Raimundo decide partir para Salvador, onde se emprega como jardineiro,
consegue uma bolsa de estudos para estudar contabilidade. Termina um
filme, começa outro. Sem mais nem menos, os anos se passam e
Carla já é adulta, bem diferente da menina do começo
do filme (a única coisa em comum é que continua dançando
e continua descalça, e este último detalhe é para
que não esqueçamos a sua condição de Cinderela).
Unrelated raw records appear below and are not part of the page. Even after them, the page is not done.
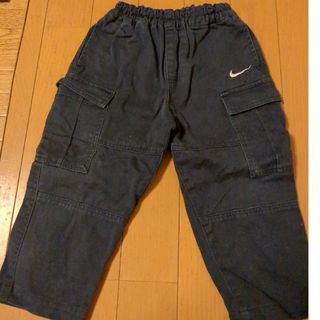 ナイキ(NIKE)の男児パンツ（ナイキ）(パンツ/スパッツ)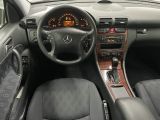 Mercedes-Benz C-Klasse bei Sportwagen.expert - Abbildung (6 / 15)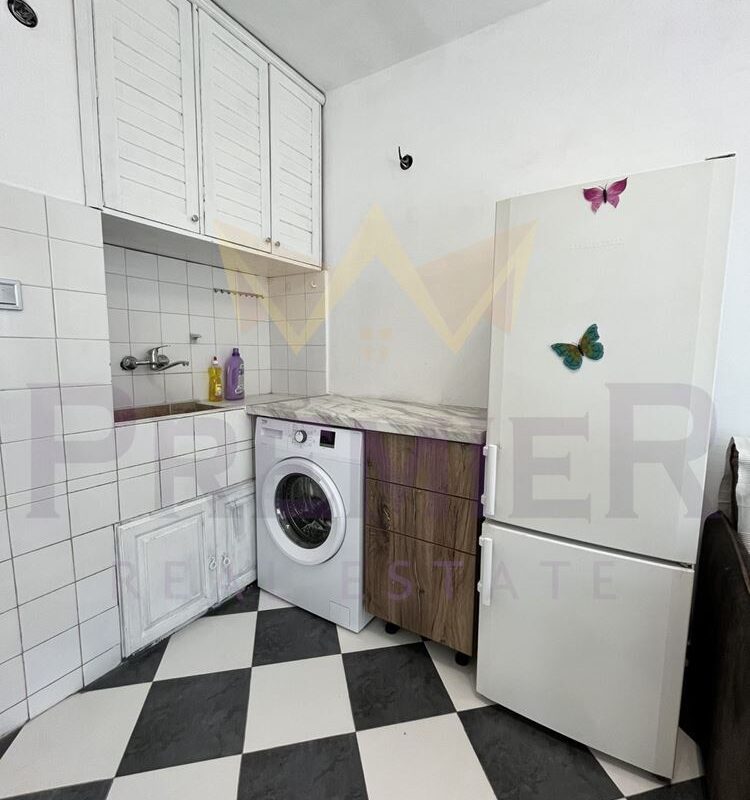 ДВУСТАЕН АПАРТАМЕНТ, КОЛХОЗЕН ПАЗАР - ИМОТИ ПРЕМИЕР - Агенция за недвижими имоти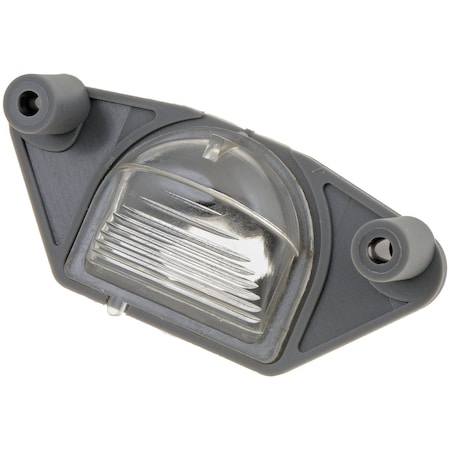Dorman License Plate Lens,  68167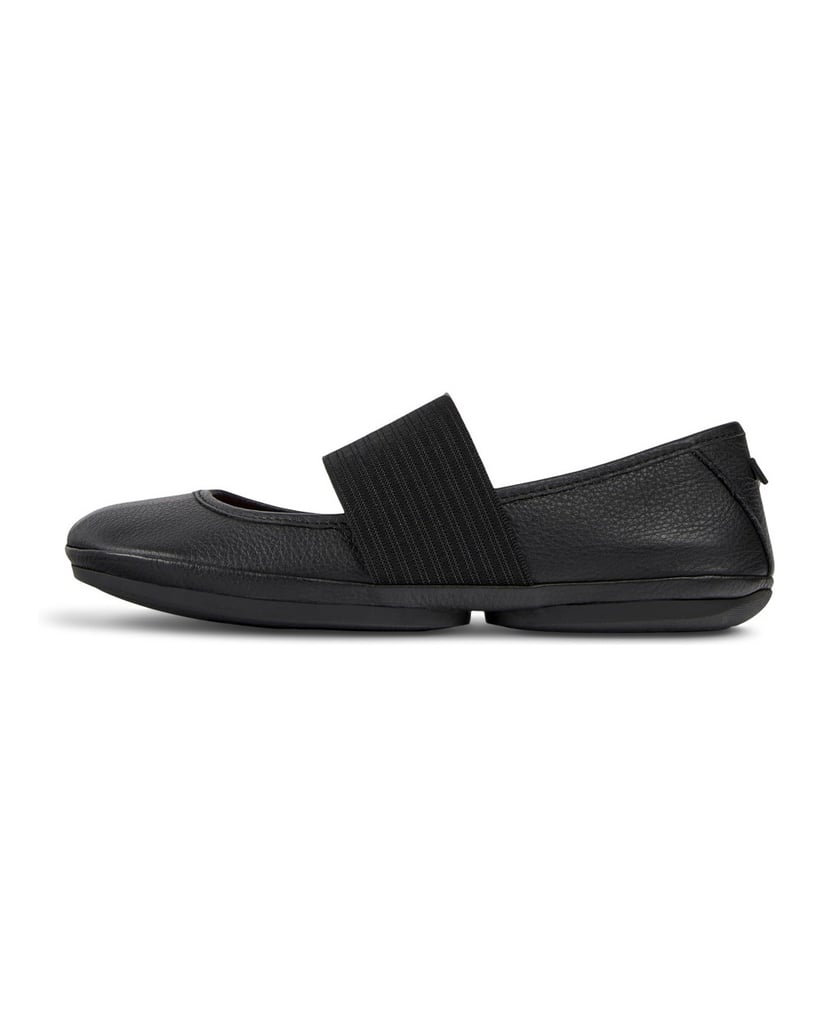 Camper-Ballerina-schwarz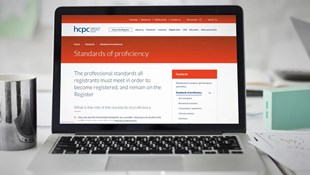 Updated HCPC standards of proficiency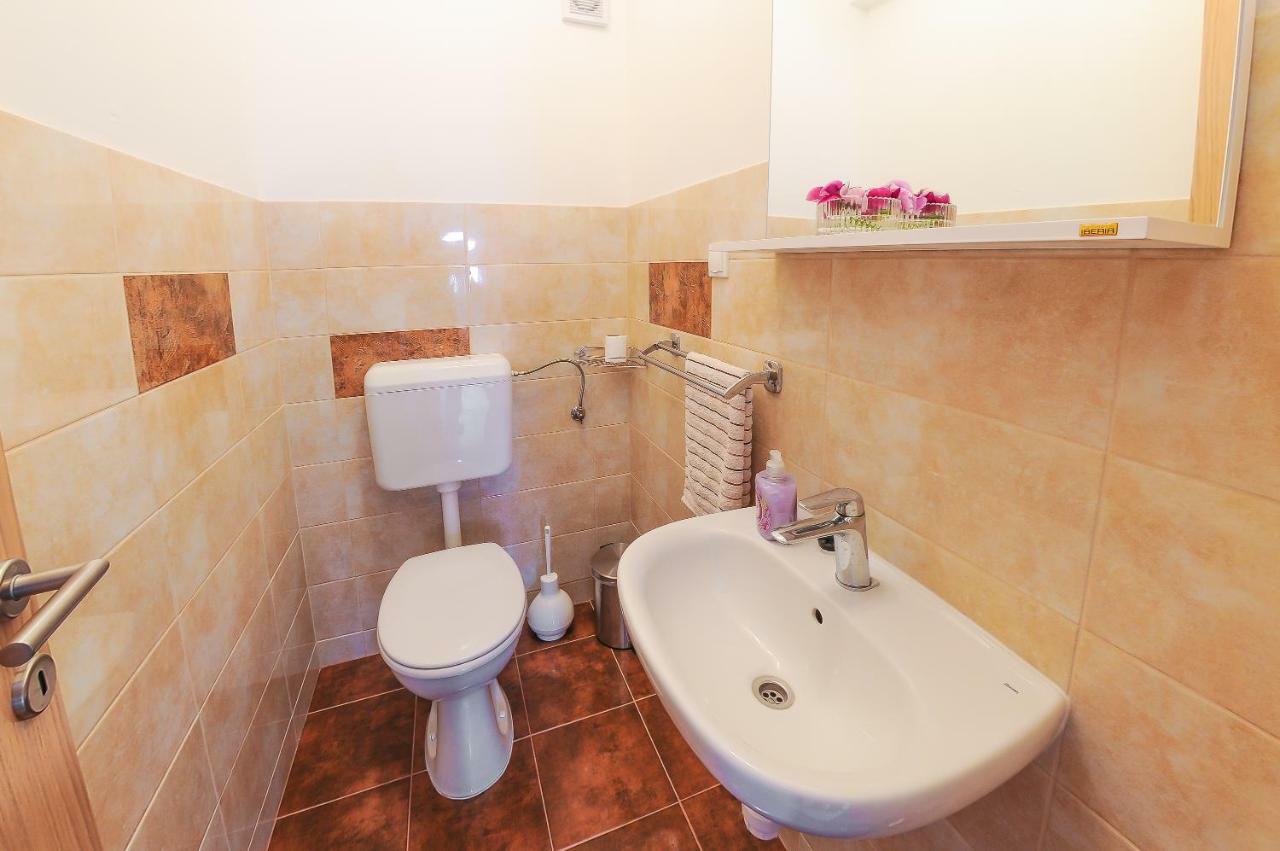 Apartment Petar Kaštela المظهر الخارجي الصورة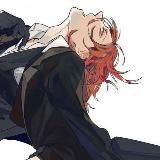 ичи пишет | she is ichi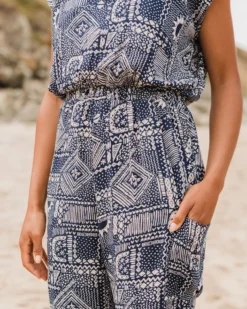 Women's Thimbleberry Jumpsuit
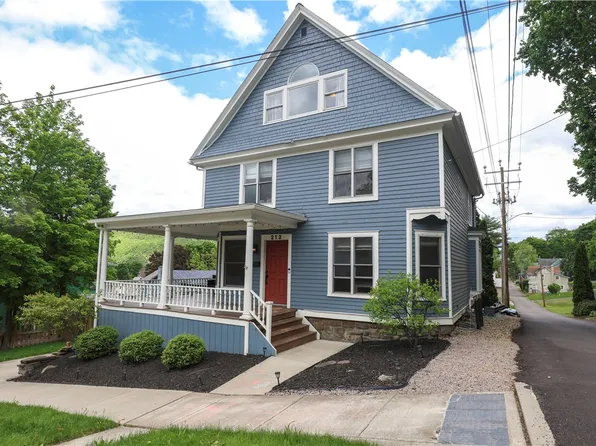 212 Chemung St, Corning, NY 14830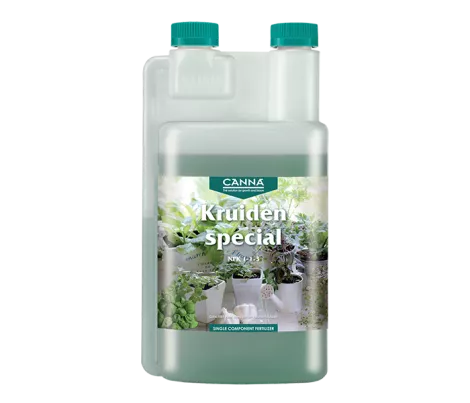 CANNA Kruiden Special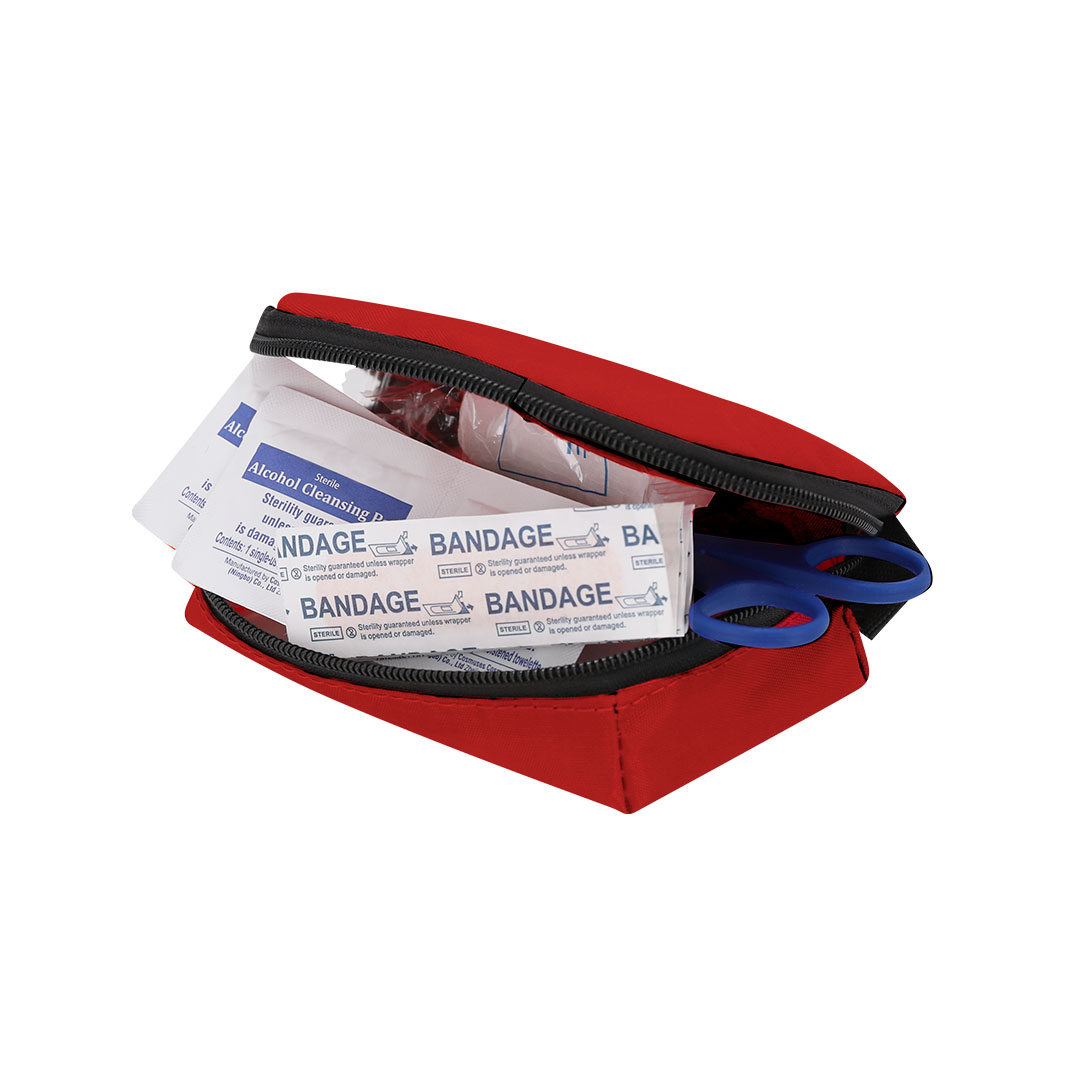Miniature 4 pour Kit Urgence Womopoba - personnalisable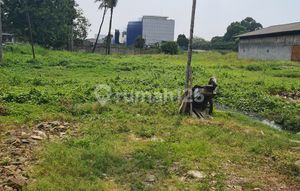 For Sale 2.5ha Land, Raya Bekasi, Pegangsaan Dua, Pulo Gadung, Cheap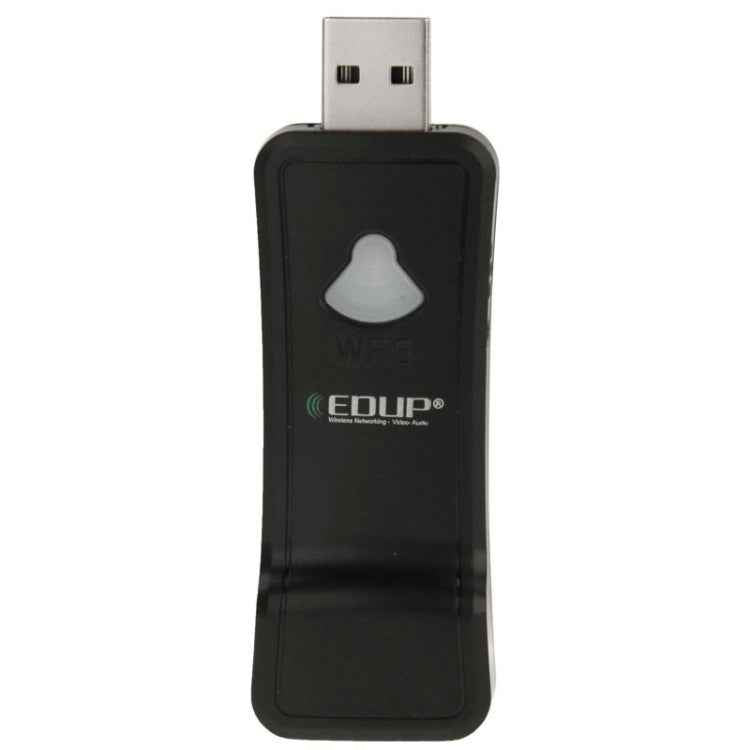 EDUP EP-2911 USB 150Mbps 802.11n Wifi Wireless Lan Dongle Network Adapter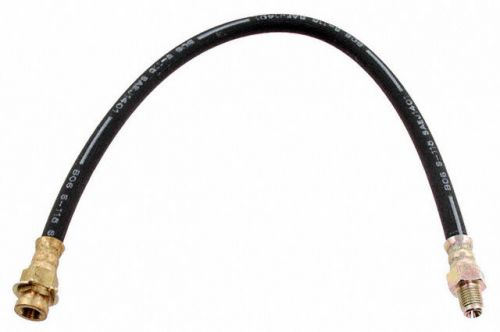 Raybestos bh36664 brake hydraulic hose - professional grade dodge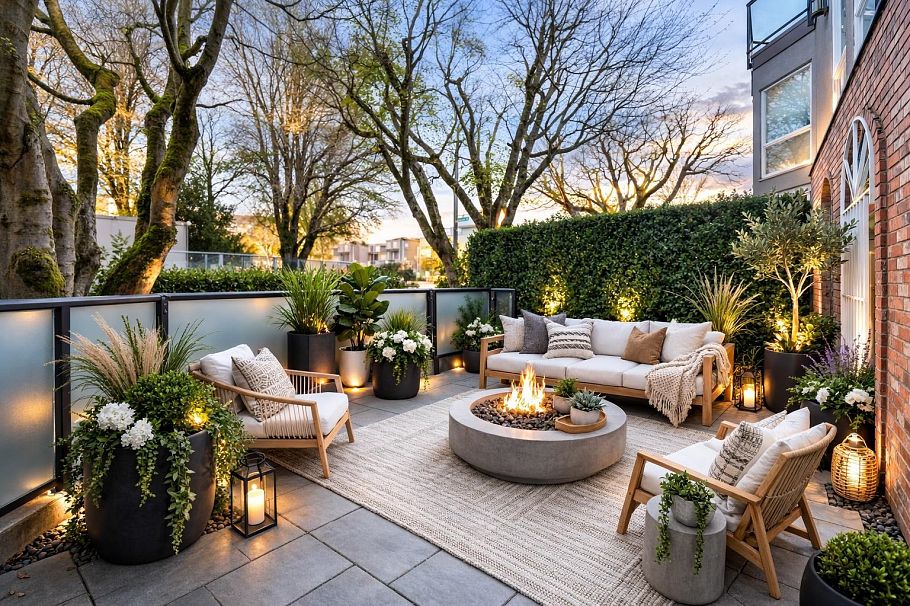 103 2110 Cornwall Avenue Vancouver, BC - 39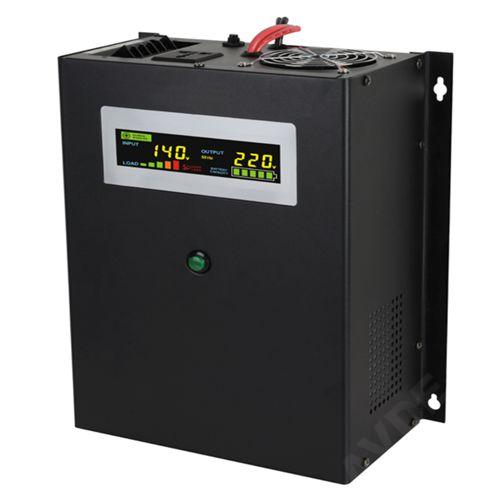 Sínusový invertor 2500, ups sinusPRO 24V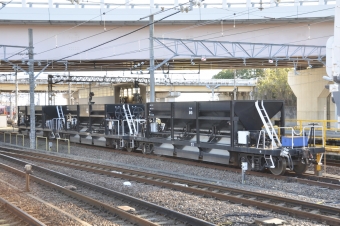 ホキ80形 鉄道フォト・写真
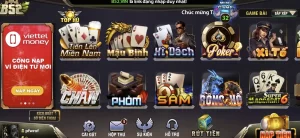 Những thủ thuật đơn giản giúp chiến thắng game đổi thưởng Phỏm B52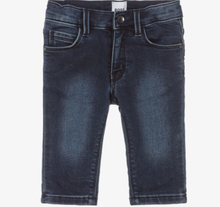 Load image into Gallery viewer, HUGO BOSS Boys Blue Denim Jeans
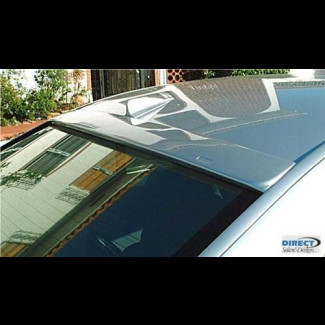 2002-2008 BMW 7-Series ACS Style Rear Roof Glass Spoiler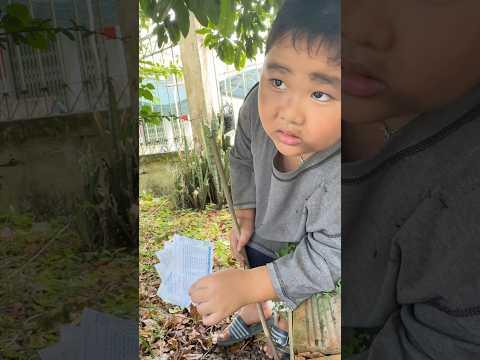 Trời ơi tưởng đâu rược mình làm chạy sml 🤣 #youtubeshorts #xuhuong #giaitri #thinhhanh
Em pouco tempo, seu talento para dançar é descoberto e
ela consegue a fama e a prosperidade. Tudo muito ligeiro, porque logo
se percebe que o filme (o diretor, na realidade) quer se desvencilhar
o mais rápido possível do tom "documental" do
início para assumir seu compromisso com o conto de fadas prometido
aos espectadores. Se havia alguma plausibilidade na atuação
dos atores no início, ela é expulsa inapelavelmente pela
escalação de não-atores viscerais que soletram
suas falas e, sobretudo, pela canastrice autocaricata de Perry Sales,
o empresário que conduz Carla Perez aos píncaros do estrelato.
Sem levar em consideração
se Cinderela Baiana é um exemplo significativo do cinema
popular da década de 90, é curioso perceber como se manifesta
num filme explicitamente "oportunista", no sentido positivo
(se houver) da palavra, o que eu chamaria de "emulações
do documental". Não vou discutir a "sinceridade"
desta representação nem questione a existência de
uma assintonia total entre a atitude documental consciente e sua mera
emulação utilitarista. Quero chamar a atenção
para a existência de uma certa ética documental em retratar
certas realidades sociais e geográficas do país que contamina
o cinema de ficção nos anos 1990. O inusitado é
verificar como nem o cinema mais popular, desprovido de quaisquer ambições
estéticas ou sociais, feito rápida e improvisadamente
para tirar proveito de uma demanda específica, de que é
exemplo Cinderela Baiana, escapou a esta emanação.